Tech Guide goes hands on, and eyes on, with Google Glass
Glass, Google’s wearable device that keeps you connected and informed, has been showcased in Australia and Tech Guide got a chance to try it out.
Worn like a pair of glasses, the product has a built-in camera, a small display, a narrow touch pad and a bone conduction transducer.
Glass is designed to bring you information and data relevant to your location literally to your eyeline.
And with a built-in camera, Glass can also document what you’re seeing and doing either in pictures and videos.
But unlike a Go Pro camera that can also capture a user’s point of view, Glass is little more discreet and also connects directly to your smartphone to link to the internet.

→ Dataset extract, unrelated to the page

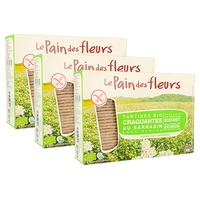 Torradas de trigo mourisco crocantes 3 unidades de 300g - Le Pain des Fleurs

Tech Guide had a hands-on session with Google Glass and found the device to be quite lightweight – it only weighs 50g.
When we put in on our head it didn’t feel any different to wearing a pair of sunglasses. The rail that forms the frame can be used to attached subscription glass or sunglasses.

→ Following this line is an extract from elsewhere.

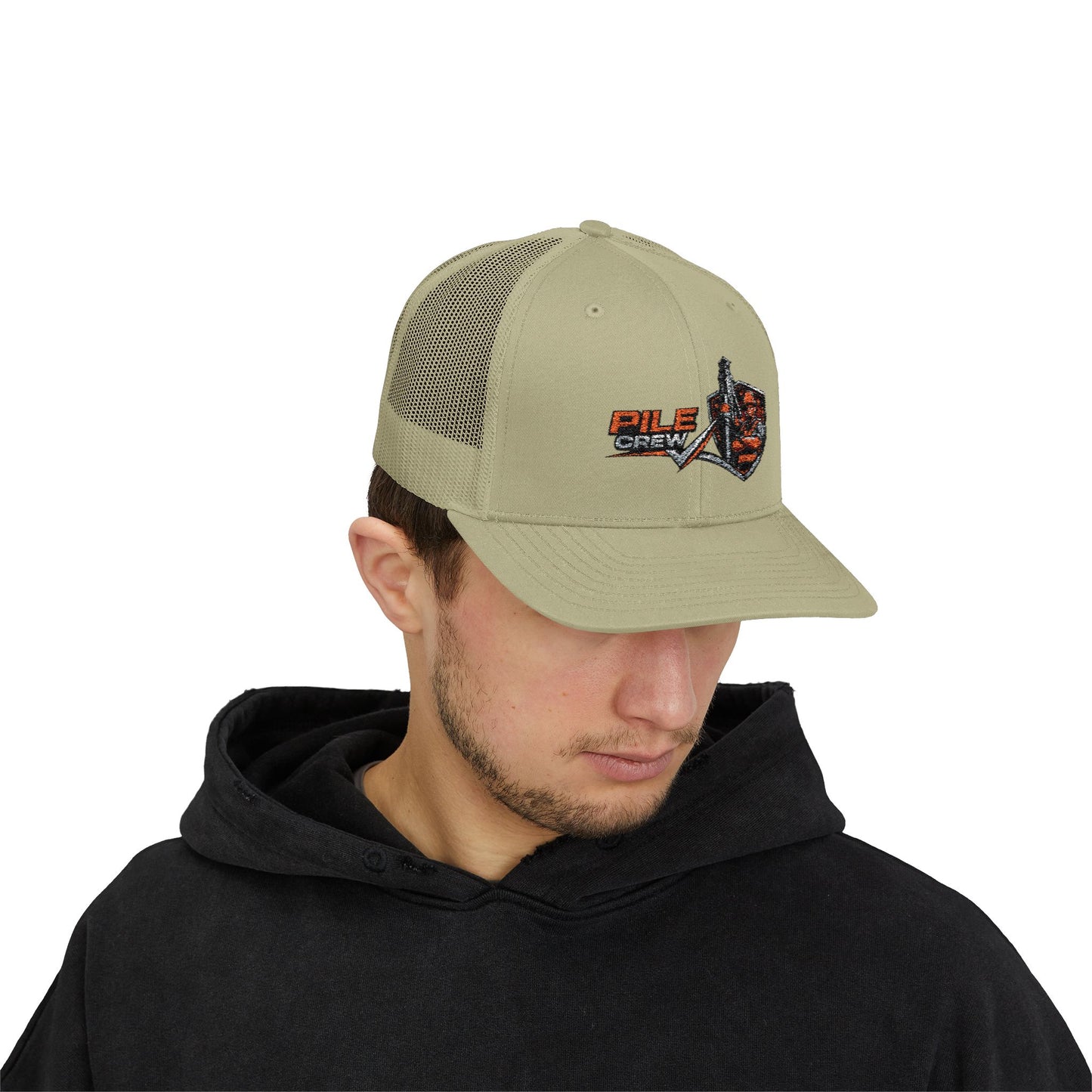 Vintage Pile Crew Trucker Cap — Fishing Snapback Hat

Judge for yourself how we looked wearing Google Glass. While it’s not massive, Glass is very easy to notice.
But it’s no worse than holding a smartphone to the side of your head to make a call, we suppose. Or wearing a pair of glasses or sunglasses.
The right side of Glass is where all of the electronics are located.

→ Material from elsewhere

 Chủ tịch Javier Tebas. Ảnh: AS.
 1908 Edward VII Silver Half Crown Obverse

On the front is a small display that can be easily seen if you focus on it a few centimetres in front of your eye.
The display was surprisingly sharp and could be easily viewed as if I was looking at a TV in the near distance.
And the good news is that you can also look through the display as well as beyond the display so you can still see where you are going.
The side panel is actually the control panel that responds to taps and swipes to move through various screens and menus.
It’s also voice controlled and provides spoken feedback that is relayed and heard using the bone conduction transducer instead of a traditional microphone and earphones.
The audio is heard through the bone in your skull and your voice is also relayed in the same way.
Having the display over your eye means you can access information hands-free when you’d normally reach for your smartphone and use the touchscreen to access the same information.
It can be used to give you information relevant to where you are or what you’re doing.
You can ask what the temperature is, if there any cafes nearby and it is all presented to the Glass display with your smartphone still in your pocket.
Glass can display a map or information about your location and translate signs and phrases on the spot.
The device can access virtually any information Google can generate and make it available to you instantly – and all while staying hands free.
You can shoot video and take pictures and share it with your friends on the spot hands-free. It’s also possible to share live video of what you’re seeing live to your friends.
App developers are also busily at work creating “Glass-ware” that will work with the device.
There is no exact release date for Google Glass as it is still in development but it will be available sometime in 2014.